Far Out Frequencies final rendering

When Cal Poly Universities’ float rolls out on Colorado Blvd. on New Year’s Day for the Rose Parade in Pasadena, it will be “out of this world.”

This is how Cal Poly Rose Float, the student organization that has been building the only student-built float in the Rose Parade for decades, introduced the 2019 Cal Poly Universities entry in the iconic annual Pasadena event.

Celebrating the 130th Tournament of Roses Parade theme, “The Melody of Life,” Cal Poly’s entry, “Far Out Frequencies,” features a pair of astronauts and a handful of alien friends on another planet communicating through music. The design was the top choice, from 150 submitted entries, of the Cal Poly Rose Float team in San Luis Obispo and their counterparts in Pomona.

“Throughout the years, our campuses have united to design, construct and decorate to achieve a common goal: our float,” said Sara Novell, a mechanical engineering senior who’s president of Cal Poly SLO Rose Float. “This idea of unity is also shown in our float, in how the astronauts and aliens join together to create a common language. We want to express the ‘Melody of Life’ by showing the power that music has in its ability to join communities of different backgrounds to create one harmonious universe.”

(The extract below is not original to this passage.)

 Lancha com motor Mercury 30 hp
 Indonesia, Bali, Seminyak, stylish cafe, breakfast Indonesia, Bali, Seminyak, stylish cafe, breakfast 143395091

On the float, astronauts Morgan and Sally travel deep into outer space and land on a distant alien planet. Unable to communicate through language, they use musical instruments to share their message of goodwill with the aliens they encounter, leading to out-of-this-world fun and some unexpected good times.

The float will incorporate animation in which one of the astronauts strums a guitar while tapping his foot and bobbing his head, two aliens play an accordion, and another alien attempts to lift a tuba off its head.

Student volunteers began work on “Far Out Frequencies” in July on the San Luis Obispo campus. Work will continue each Saturday through the middle of October, after which half of the chassis and other parts will be taken to Pomona, over 200 miles away, where each year, the halves of the float and the teams are officially united.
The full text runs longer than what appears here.